<<La fotografia è verità, e il cinema è verità ventiquattro volte al secondo.>>
     (Jean-Luc Godard).

In questo percorso, iniziato circa un anno fa, ci siamo occupati di quasi tutte le professioni del cinema, soprattutto quelle meno note; dunque non ci rimane altro che parlare di quelle più in voga e conosciute dai più, motivo per cui ci concentreremopiù sull’evoluzione storica di queste maestranze e meno sugli aspetti tecnici o sulla formazione professionale (come invece avevamo fatto negli articoli precedenti).
Innanzitutto, non potremmo non menzionare quanto la fotografia rappresenti un precursore molto importante nella storia del cinema, come comprovato dagli esperimenti di fine Ottocento di Eadweard Muybridge, fotografo britannico che portò avanti diverse ricerche e sperimentazioni sulle prime immagini in movimento, raggiungendo una tappa importantissima per il progresso tecnologico dell’epoca e per il futuro della settima arte.

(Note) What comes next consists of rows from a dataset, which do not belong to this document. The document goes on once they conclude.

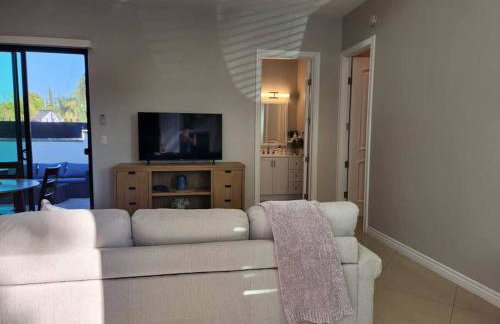 Spacious 1 Bed ADU in Encino, Home Away from Home - Foto 14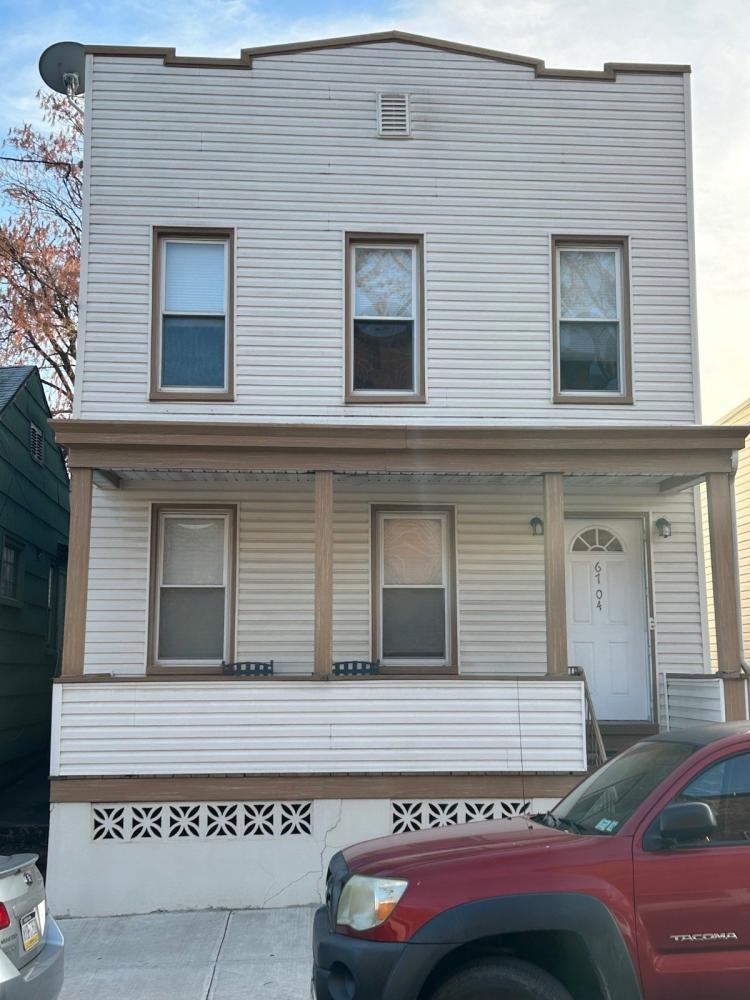 Currently Displayed Property Photo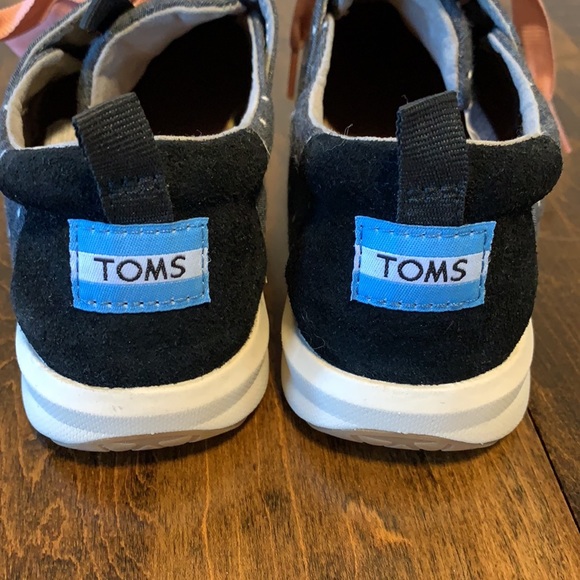 Toms Del Rey polka dot ribbon sneakers. - Picture 4 of 5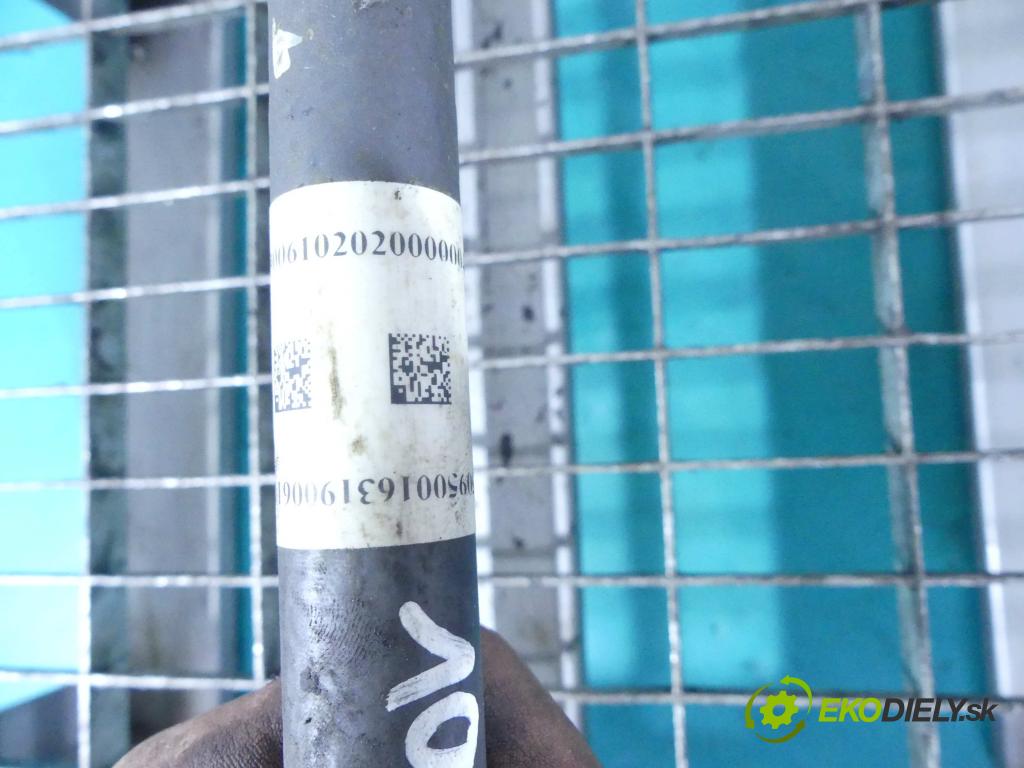 Infiniti QX30 (H15) 2016-2019 2.0 T 211KM automatic 155 kW 1991 cm3 5- poloos ľavé  (Poloosy)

Uomo che cammina sulle mani di Eadweard Muybridge.

Il ruolo della fotografia divenne sempre più importante nel cinema nel corso degli anni ‘20 grazie alle avanguardie europee, quali quella sovietica, impressionista francese ed espressionista tedesca. Nel caso dell’impressionismo, molto importante fu il concetto di Fotogenia di Louise Delluc, noto regista e sceneggiatore francese di quegli anni, il quale affermava che “la fotogenia è una qualità presente nelle cose e negli esseri, ma che risulta accresciuta dalla riproduzione fotografica e cinematografica.”. Riportiamo qui di seguito un estratto dell’articolo “La bellezza del cinema” pubblicato su Cinema e Cinema n.64 nel 1917: «Questa è bellezza, bellezza alta, direi quasi la bellezza del caso ma bisogna rendere giustizia all’operatore: ha saputo vedere con tale abilità che noi abbiamo esattamente le stesse sensazioni di mare, di cielo, di vento che ha avuto lui. Non è più un film. È la verità naturale.»

Delluc parla dunque di operatori, questo perché agli albori del cinema non vi era una vera e propria divisione dei lavori e dei compiti e non erano nemmeno concepiti i termini “regista” o “direttore della fotografia”: vi erano gli imprenditori come i Fratelli Lumiere -o altri interessati a questa strabiliante scoperta- che ingaggiavano persone disposte ad effettuare riprese. Si trattava, di fatto, dei primi veri e propri operatori, non accreditati.

Roger Deakins, uno dei migliori DOP della nostra epoca.

Successivamente nel corso degli anni nacquero sempre più figure professionali legate al mondo del cinema, con una maggiore specializzazione e specificità, di conseguenza emersero associazioni e sindacati per tali categorie, come la Screen Director Guild e la Screen Writer Guild, attive ancora oggi.
Così emerse anche la figura del direttore della fotografia, autore dell’estetica del film e curatore della qualità dell’immagine e dell’illuminotecnica sul set.
Il direttore della fotografia si avvale di molti interventi tecnici quali la composizione dell’inquadratura, la disposizione delle luci -e di conseguenza delle ombre-, il controllo dei movimenti della macchina da presa, le scelte sull’angolo di ripresa, sulla messa a fuoco e sulla profondità di campo; ha inoltre la grande responsabilità di tradurre in una sequenza d’immagini la storia e l’atmosfera voluta dal regista. Ogni direttore della fotografia ha una visione estetica personale, un marchio stilistico costante e coerente in ogni opera cinematografica realizzata. Per mantenere tale coerenza stilistica spesso collaborano con gli stessi registi, dando vita a lunghi sodalizi, come nel caso del dop Luca Bigazzi e del regista premio Oscar Paolo Sorrentino.
Fondamentale è, inoltre, il rapporto tra il direttore della fotografia e l’operatore di ripresa, considerato anche come il suo “occhio destro”. Gli altri collaboratori diretti di questa figura professionale sono il capo elettricista che, a sua volta, coordina la squadra addetta alle luci, ed il capo macchinista che regola gli spostamenti del carrello con la macchina da presa.

Luca Bigazzi sul set de Il Divo di Paolo Sorrentino.

Inoltre, in alcuni casi, può anche partecipare alla supervisione del girato in fase di post-produzione, per dare consigli sui raccordi ai montatori e garantire una certa continuità visiva al lungometraggio.
Per quanto riguarda l’aspetto formativo, un direttore della fotografia deve avere una solida educazione tecnica e fare tanta esperienza sul campo. Non mancano accademie e corsi presenti in Italia per acquisire tali competenze tecniche come il Centro sperimentale di Fotografia di Roma, l’Accademia Nazionale del Cinema di Bologna o l’Accademia di Cinema Griffith.